Nuovo appello della scienza alla politica

di Claudio Vastano

 

Diversi scienziati, appartenenti a 27 accademie dell’UE, oltre che a Norvegia e Svizzera, hanno rivolto un allarme al mondo politico sottolineando come, fra gli effetti del cambiamento climatico, vi siano un incremento allarmante delle malattie e delle morti premature.

L’appello fa capo a un rapporto recentemente redatto dal Consiglio dell’Accademia Europea delle scienze (Easac). Con le attuali emissioni di CO2, entro la fine del secolo è previsto un innalzamento delle temperature di oltre 3° rispetto ai livelli preindustriali. Ciò espone la popolazione non solo a ondate di calore sempre più pressanti ma anche a fenomeni atmosferici sconosciuti alle passate generazioni (come alluvioni, tempeste, siccità e inquinamento da piogge acide).

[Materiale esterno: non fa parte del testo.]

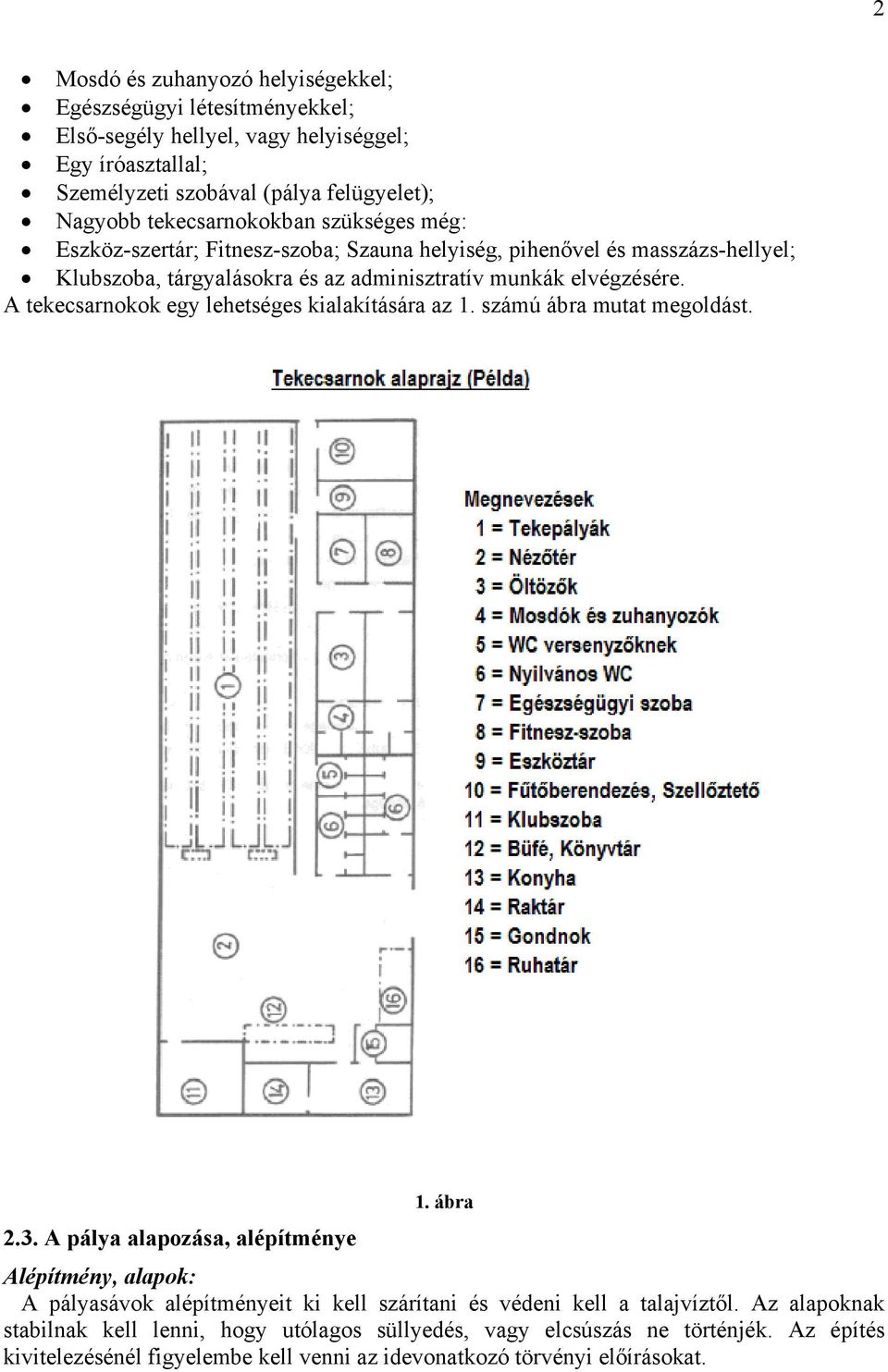 A tekecsarnokok egy lehetséges kialakítására az 1. számú ábra mutat megoldást. 2.3. A pálya alapozása, alépítménye 1.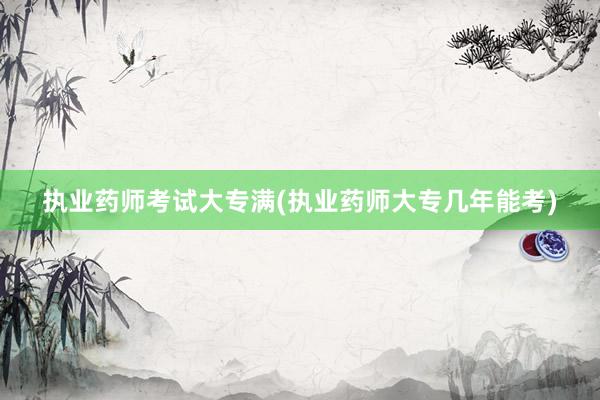 执业药师考试大专满(执业药师大专几年能考)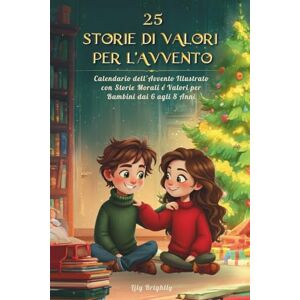 Brightly, Lily 25 Storie di Valori per l’Avvento: Racconti di Natale Educativi per Bambini: Calendario dell’Avvento Illustrato con Storie Morali e Valori per Bambini dai 6 agli 8 Anni Brightly, Lily 25 Storie di Valori per l’Avvento: Racconti di Natale Educativi per Bambini: Calendario dell’Avvento Illustrato con Storie Morali e Valori per Bambini dai 6 agli 8 Anni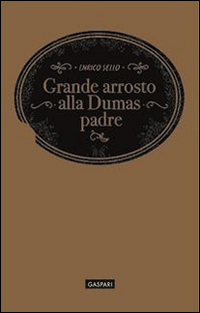 Grande arrosto alla Dumas padre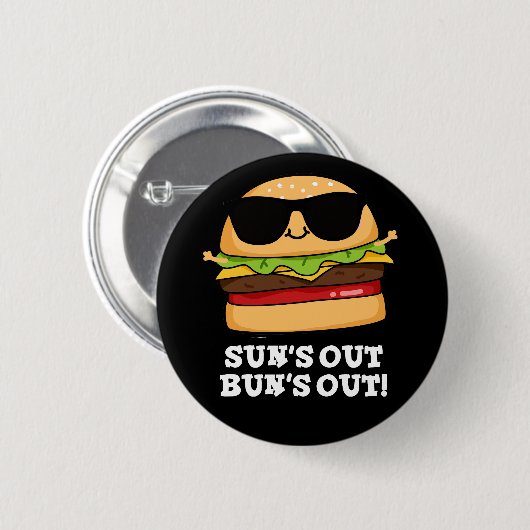 Sun's Out Bun's Out Funny Burger Pun Dark BG Button (Vorne & Hinten)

A Torino –alla presenza del commissario UE per l’Ambente, Karmenu Vella- è stato recentemente pubblicato un protocollo d’intesa, il Crean Air Dialogue. Si tratta, come è stato spiegato durante l’incontro, di “un vero e proprio patto d’azione, fra governo, ministeri dell’Ambiente, dell’Economia e dello Sviluppo economico, delle Infrastrutture e dei Trasporti, delle Politiche Agricole, della Salute, Regioni e Province, che prevede misure a breve e medio periodo per il miglioramento della qualità dell’aria.”

Ci auguriamo che questa sia la volta buona che dalle chiacchiere si passi veramente ai fatti.